Subclass of: straight-line wind
'has part' some 'thunderstorm'
Good drafting @kaiiam
We should think about cross-axiomatising with PATO's "linear' quality, but must note that processes can only (strictly speaking) have rate qualities. That is to say, the wind isn't linear, but the aeroform that it creates is.
Note I say think about - we shouldn't slow down these requests with these axioms, but table them for later development.
I'll throw in the following editors note for the new straight-line wind
class:
Add cross-axiomatization with PATO's 'linear' quality http://purl.obolibrary.org/obo/PATO_0001199. Although processes can only have rate qualities, we want to capture the linear quality of the aeroform created by straight-line winds.

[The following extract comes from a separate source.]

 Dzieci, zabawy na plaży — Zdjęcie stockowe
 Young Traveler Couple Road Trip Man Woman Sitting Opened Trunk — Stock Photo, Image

cross reference to PR #851
I'm getting conflicting definitions of derecho. Some use it to refer to the winds, others to the storm system that produces such winds. Compare: https://en.wikipedia.org/wiki/Derecho https://www.merriam-webster.com/dictionary/derecho
Note, however, that the Wikipedia article is inconsistent, also noting:
A common definition is a thunderstorm complex that produces a damaging wind swath of at least 400 km (250 miles),[9] featuring a concentrated area of convectively-induced wind gusts exceeding 30 m/s (90 km/h; 50 kn; 60 mph).[1] According to the National Weather Service (NWS) criterion, a derecho is classified as a band of storms that have winds of at least 30 m/s (90 km/h; 50 kn; 60 mph) along the entire span of the storm front, maintained over a time span of at least six hours. Some studies add a requirement that no more than two or three hours separate any two successive wind reports.[10] A more recent, more physically-based definition of "derecho" proposes that the term be reserved for use with convective systems that not only contain unique radar-observed features such as bow echoes and mesovortices, but also for events that produce damage swaths at least 100 km (60 miles) wide and 650 km (400 miles) long.[2]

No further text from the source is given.